(Collected data entries)
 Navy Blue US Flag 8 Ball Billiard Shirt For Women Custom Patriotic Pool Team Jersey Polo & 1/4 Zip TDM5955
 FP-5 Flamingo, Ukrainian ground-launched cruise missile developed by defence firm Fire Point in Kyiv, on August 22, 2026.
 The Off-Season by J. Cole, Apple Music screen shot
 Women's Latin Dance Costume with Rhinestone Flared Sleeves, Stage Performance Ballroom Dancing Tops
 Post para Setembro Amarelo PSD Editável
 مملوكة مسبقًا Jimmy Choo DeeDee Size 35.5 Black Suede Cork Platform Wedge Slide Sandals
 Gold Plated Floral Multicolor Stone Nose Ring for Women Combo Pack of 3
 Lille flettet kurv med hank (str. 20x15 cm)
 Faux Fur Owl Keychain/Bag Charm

**Exercise directions**:
In the entries above, find the line holding "FP-5 Flamingo, Ukrainian" and the line holding "Lille flettet kurv med hank (str. 20x15 cm)"; print both of them and every line between, exactly, and nothing else.

**Answer for the task**:
 FP-5 Flamingo, Ukrainian ground-launched cruise missile developed by defence firm Fire Point in Kyiv, on August 22, 2026.
 The Off-Season by J. Cole, Apple Music screen shot
 Women's Latin Dance Costume with Rhinestone Flared Sleeves, Stage Performance Ballroom Dancing Tops
 Post para Setembro Amarelo PSD Editável
 مملوكة مسبقًا Jimmy Choo DeeDee Size 35.5 Black Suede Cork Platform Wedge Slide Sandals
 Gold Plated Floral Multicolor Stone Nose Ring for Women Combo Pack of 3
 Lille flettet kurv med hank (str. 20x15 cm)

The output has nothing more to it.